What is expected:
Return nothing but the lines from the one with "廣州海鮮池制冷工程/廣州東坦海鮮池制冷公司/廣州海鮮池制冷哪家好" through the one with "Natural Live Plant for Home Garden-thumb1" in the data below, word for word and without pictures.

Input records:
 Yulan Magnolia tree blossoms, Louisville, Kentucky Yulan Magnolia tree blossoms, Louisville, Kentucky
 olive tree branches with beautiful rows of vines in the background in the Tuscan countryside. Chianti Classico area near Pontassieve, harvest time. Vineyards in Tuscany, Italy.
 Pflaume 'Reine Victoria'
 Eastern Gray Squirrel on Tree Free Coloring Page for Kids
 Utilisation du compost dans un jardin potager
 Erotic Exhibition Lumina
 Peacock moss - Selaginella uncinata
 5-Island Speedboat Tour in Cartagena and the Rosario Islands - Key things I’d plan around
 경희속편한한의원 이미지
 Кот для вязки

...

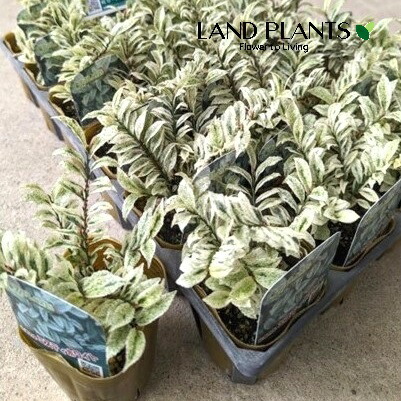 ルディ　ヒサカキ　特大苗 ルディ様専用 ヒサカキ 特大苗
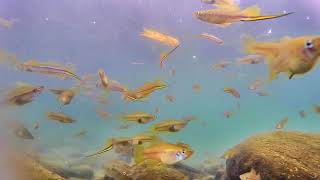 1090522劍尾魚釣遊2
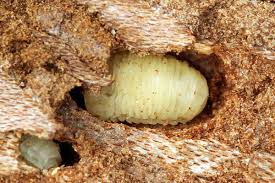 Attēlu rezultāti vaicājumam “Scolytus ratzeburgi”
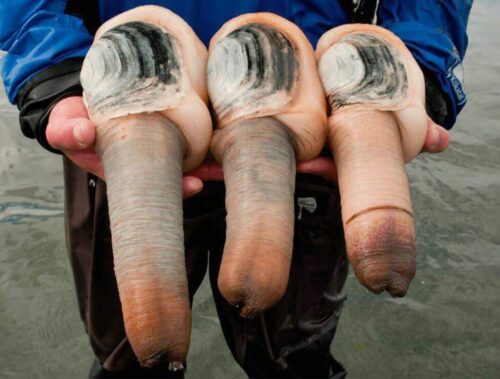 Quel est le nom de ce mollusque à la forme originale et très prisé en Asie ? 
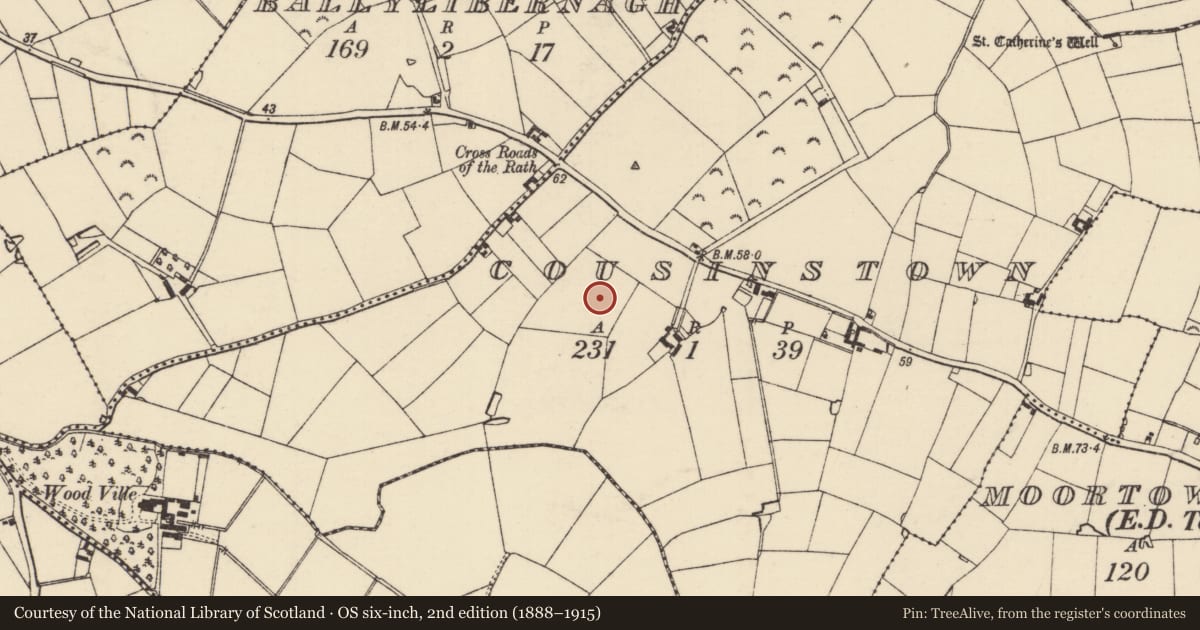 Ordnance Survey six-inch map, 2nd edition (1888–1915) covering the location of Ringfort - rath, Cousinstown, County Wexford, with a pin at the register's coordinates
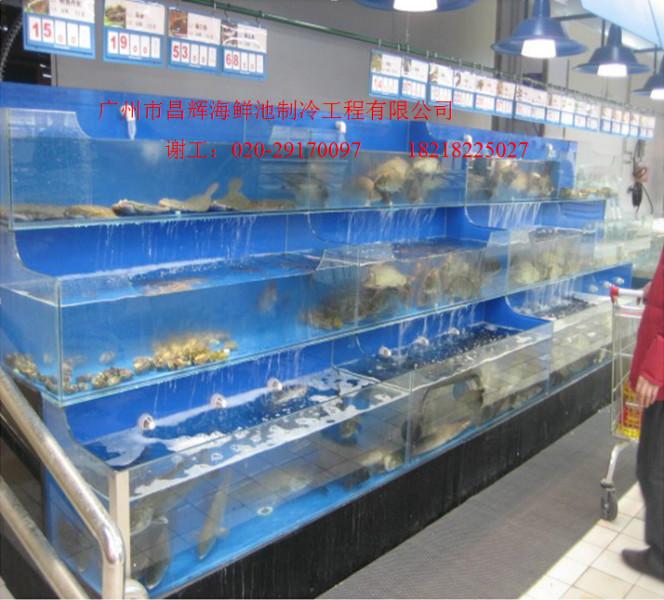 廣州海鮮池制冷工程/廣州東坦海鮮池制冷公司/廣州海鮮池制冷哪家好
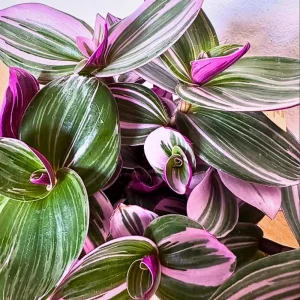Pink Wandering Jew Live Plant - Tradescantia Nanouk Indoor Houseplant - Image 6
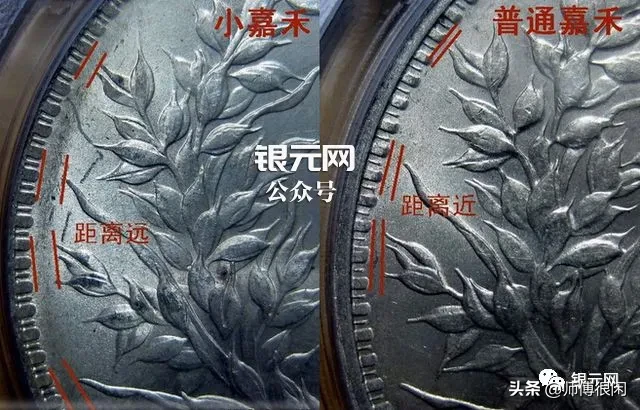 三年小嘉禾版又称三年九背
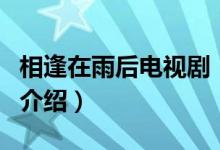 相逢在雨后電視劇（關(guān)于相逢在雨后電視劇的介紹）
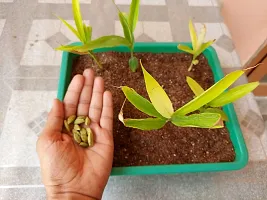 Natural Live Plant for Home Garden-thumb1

---

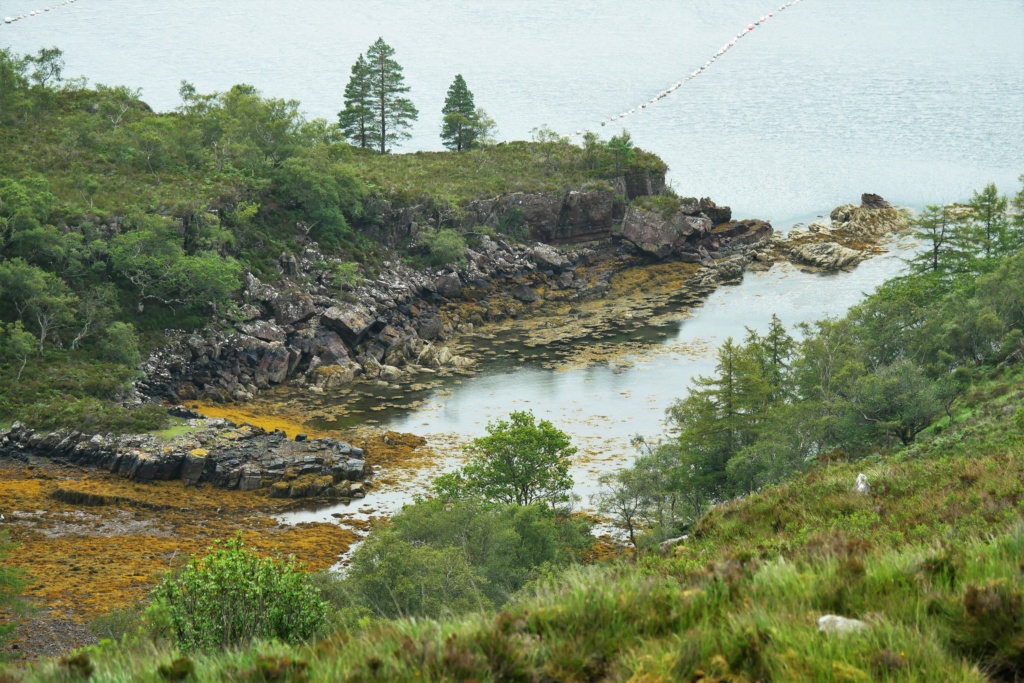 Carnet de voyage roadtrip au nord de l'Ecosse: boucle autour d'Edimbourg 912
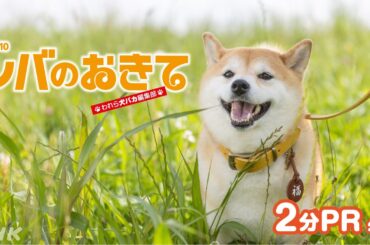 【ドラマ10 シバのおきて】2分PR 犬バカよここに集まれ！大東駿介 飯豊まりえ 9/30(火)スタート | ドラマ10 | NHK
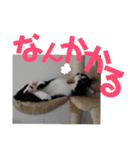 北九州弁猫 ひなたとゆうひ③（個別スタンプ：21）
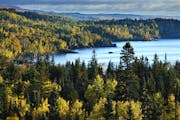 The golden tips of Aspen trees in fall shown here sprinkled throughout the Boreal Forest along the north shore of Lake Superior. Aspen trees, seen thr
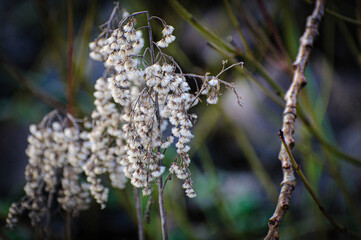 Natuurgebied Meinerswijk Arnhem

Written response:
 廣州海鮮池制冷工程/廣州東坦海鮮池制冷公司/廣州海鮮池制冷哪家好
Pink Wandering Jew Live Plant - Tradescantia Nanouk Indoor Houseplant - Image 6
 三年小嘉禾版又称三年九背
 相逢在雨后電視劇（關(guān)于相逢在雨后電視劇的介紹）
 Natural Live Plant for Home Garden-thumb1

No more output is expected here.